When an employer decides to grow their team, the first and foremost decision to consider is Culture.
Creating a positive working culture based around your company values, the vision and the direction the company is heading.
The building blocks of trust are unsurprising: They’re old-fashioned managerial virtues like consistency, clear communication, and a willingness to tackle awkward questions.
In our experience, building a trustworthy (and trusting) organisation requires close attention to those virtues. But it also requires a defensive game: You need to protect trustworthiness from its enemies, both big and small, because trust takes years to build but can suffer serious damage in just a moment.
Experimenting and trialing are ways to explore if you are or have made the right decision.
If you have a leader in the business or one for multiple departments, ask them and their closest colleagues if they are trustworthy?
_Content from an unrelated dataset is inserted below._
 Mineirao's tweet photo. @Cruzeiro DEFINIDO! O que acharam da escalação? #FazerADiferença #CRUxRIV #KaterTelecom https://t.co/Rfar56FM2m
If so, how do they know?
We know most will just say they are trustworthy and most of their team are too.
To determine one’s trust, understand their response to the second part of the question and this will reflect their beliefs on personal integrity.
Follow this question with the next:
Do you believe you and your colleagues are capable of building trust in the organisation?
What accounts for the gap between the two sets of answers? With their differing responses, the manager/s are simply acknowledging a fact of organisational life: It takes more than personal integrity to build a trusting, trustworthy organisation. It takes skills, smart supporting processes, and unwavering attention on the part of top managers.
Trust within an organisation is far more complicated and fragile than trust between, say, a consultant and a client. With a client, you can largely control the flow of communication. In an organisation, people are bombarded with multiple, often contradictory messages every day.
People use the word trust in 3 ways:
The first is strategic trust - the trust employees have in the people running the show to make the right strategic decisions. Do top managers have the vision and competence to set the right course, allocate resources intelligently, fulfils the mission, and help the company succeed? The second is personal trust—the trust employees have in their own managers. Do the managers treat employees fairly? Do they consider employees’ needs when making decisions about the business and put the company’s needs ahead of their own desires? The third is organisational trust—the trust people have not in any individual but in the company itself. Are processes well designed, consistent, and fair? Does the company support your growth and goals.
These three types of trust are distinct, but they’re linked in important ways.
Every time an individual manager violates the personal trust of their direct reports, their organisational trust will be shaken.
As difficult as it is to build and maintain trust within organisations, it’s critical.
So what advice should one take when this occurs?
You need to protect trustworthiness from its enemies, both big and small, because trust takes years to build but can suffer serious damage in just a moment.
Who are the enemies? First line managers are generally the first if something has occurred to them personally that has impacted on them.
Some enemies are overt and some are covert: A conversation you thought was private is repeated and then grossly distorted by the rumor mill. Because any act of bad management erodes trust, the list of enemies could be endless. Practically speaking, though, most breakdowns in trust that we’ve witnessed can be traced back to one common problems involving inconsistencies in company standards and messages conveyed.
But then, there are the people with a cloud of negativity around them. These are often people who have been passed over for promotion or who feel they’ve been shortchanged on bonuses or salaries.
They don’t do anything outright to sabotage the organisation, but they see the downside of everything. Their behaviour often escapes management’s attention, but their coworkers notice.
After a while, people tire of their negative colleagues and may even catch the negativity bug themselves.
And at times there are people who are volatile—or just plain mean—often get away with appalling behaviour because of their technical competence.
Extremely ambitious people, similarly, tend to steamroll their colleagues, destroy teamwork, and put their own agendas ahead of the organisations interests. In both cases, ask yourself, “Is this person so valuable to the company that we should tolerate their behaviour?”
Trust within organisations isn’t easy to pin down. It’s hard to measure, even in a quick-and-dirty way. And suppose you could measure it perfectly—the truth is that no company would ever get a perfect score. Organisations and people are too complicated for that. Nor is it easy to define the trustworthy leader. Some exude emotional intelligence; others appear to be rather boring, extremely consistent bureaucrats. And, being human, even the best of them occasionally make mistakes that erode trust. But trust is the crucial ingredient of organisational effectiveness. Building it, maintaining it, and restoring it when it is damaged must be at the top of every chief executive’s agenda.